Эта «внутренняя гроза», правда, напомнила о себе однажды и в тех эпизодах произведения, которые были посвящены войне 1812 года. «Богучаровский бунт» (подобные волнения крестьян, вызванные разными причинами, действительно случались кое-где в период нашествия Наполеона) был как далекая, но быстро потухшая зарница на русском горизонте. Этот массовый «вывих сознания» Николай Ростов решительно «вправил» всего лишь одной зуботычиной. «Чувствительное» потрясение опять, как это бывало и в судьбах отдельных персонажей, возвратило «живую жизнь» на круги своя. Более того, неожиданным для себя «усмирением смуты» герой приобрел будущее счастье – «спаситель и заступник», он познакомился тогда с будущей своей женой княжной Марьей. Все устроилось как нельзя лучше.
А все-таки странное брожение среди крепостных крестьян выглядело почти необъяснимым с точки зрения естественной философии романа. Все каратаевское, «круглое» вдруг потухло на миг в этих мужиках из имения князя Андрея. Богучаровское «недоразумение», хотя и было спровоцировано французскими прокламациями, совсем не походило на те «уловки» цивилизации, что подстерегали Наташу, Андрея или Пьера. У него были домашние, русские корни. Недовольство собственным положением, внутренней отчужденностью господ, суеверные фантазии – все это прорвалось у крестьян в самых нелепых, угрожающих формах. Реальная проблематика национальной жизни вдруг напомнила о себе независимо от любой философии безгрешного бытия.
Прежде чем начать работу над «Войной и миром», Толстой задумывал роман о декабристах. Это был современный замысел. В центре его находился один из многолетних «сибирских изгнанников», который много лет спустя, во второй половине 1850-х годов, после объявленного царем помилования возвращался в Москву. Из этого «зерна», собственно, и выросло все грандиозное древо «Войны и мира». Писатель обратился к молодости своего героя, чтобы оттуда начать движение к его преклонным годам. Завершая свое произведение, Толстой словно приближался опять к его «отправной точке».

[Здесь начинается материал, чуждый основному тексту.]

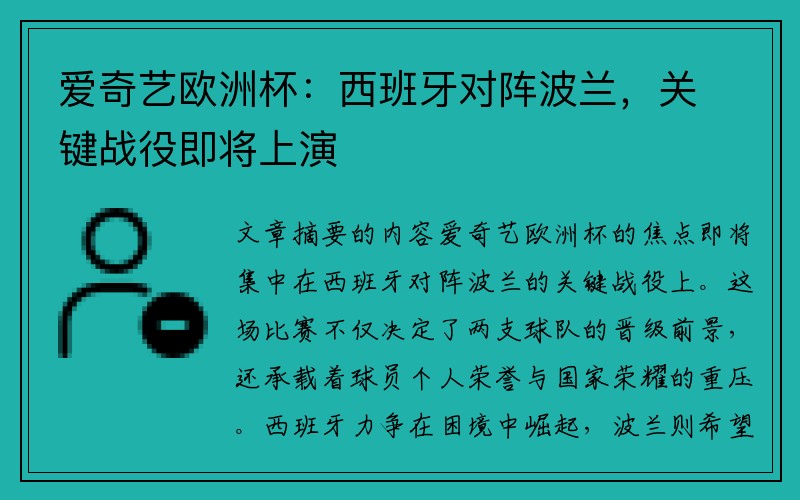 爱奇艺欧洲杯：西班牙对阵波兰，关键战役即将上演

Однажды, в 1858 году, разочарованный духом преобразований своего времени, он написал известному литератору В. П. Боткину: «Политическая жизнь вдруг неожиданно обхватила собой всех. ‹…› А людей, которые бы просто силой добра притягивали бы к себе и примиряли людей в добре, таких нету». В эпилоге «Войны и мира» Толстой показал героя, близкого своим идеальным представлениям. Возможно, таковым виделся ему уже и тот самый первый персонаж начатого, но так и не законченного «декабристского» романа.

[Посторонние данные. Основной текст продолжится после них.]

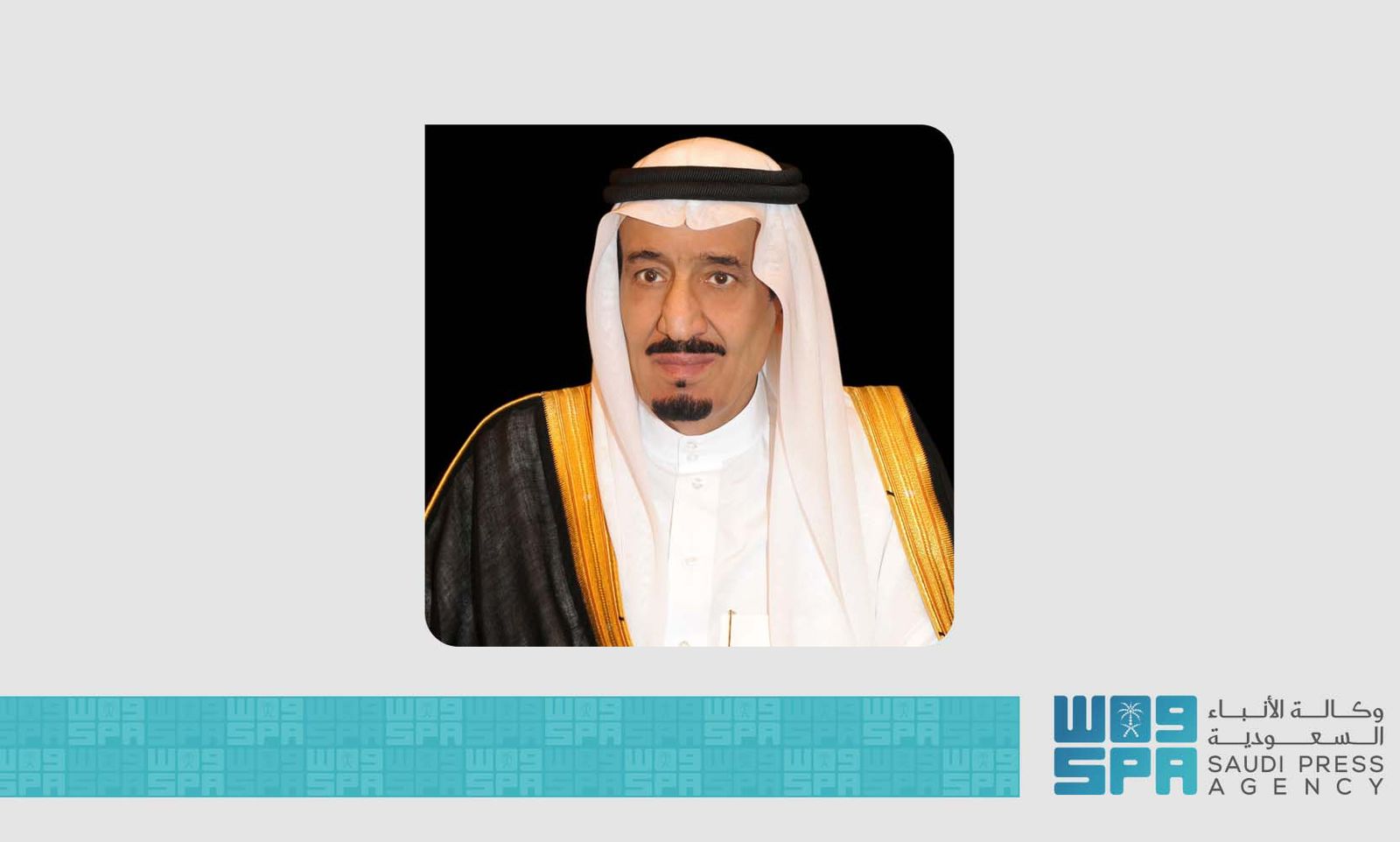 الملك سلمان بن عبدالعزيز آل سعود (واس)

Безухов – странный декабрист, не заговорщик, не политик. Он человек, всем без исключения желающий добра, каким он его себе представляет, каким он понял его в эпоху народной войны с Наполеоном. «Ведь я не говорю, – утверждал он, – что мы должны противудействовать тому-то и тому-то. Мы можем ошибаться. А я говорю: возьмемтесь рука с рукою те, которые любят добро, и пусть будет одно знамя – деятельная добродетель». Но при чем здесь вообще декабристы? Почему бы герою не удовольствоваться просто найденным счастьем? Чуткая Наташа однажды предлагала мужу поверить собственную правоту самой высокой у Толстого мерой – мерой Каратаева: «Как он? Одобрил бы тебя теперь?» И, уже готовый сказать: «Да», Безухов честно признавался перед собой: «Нет, не одобрил бы».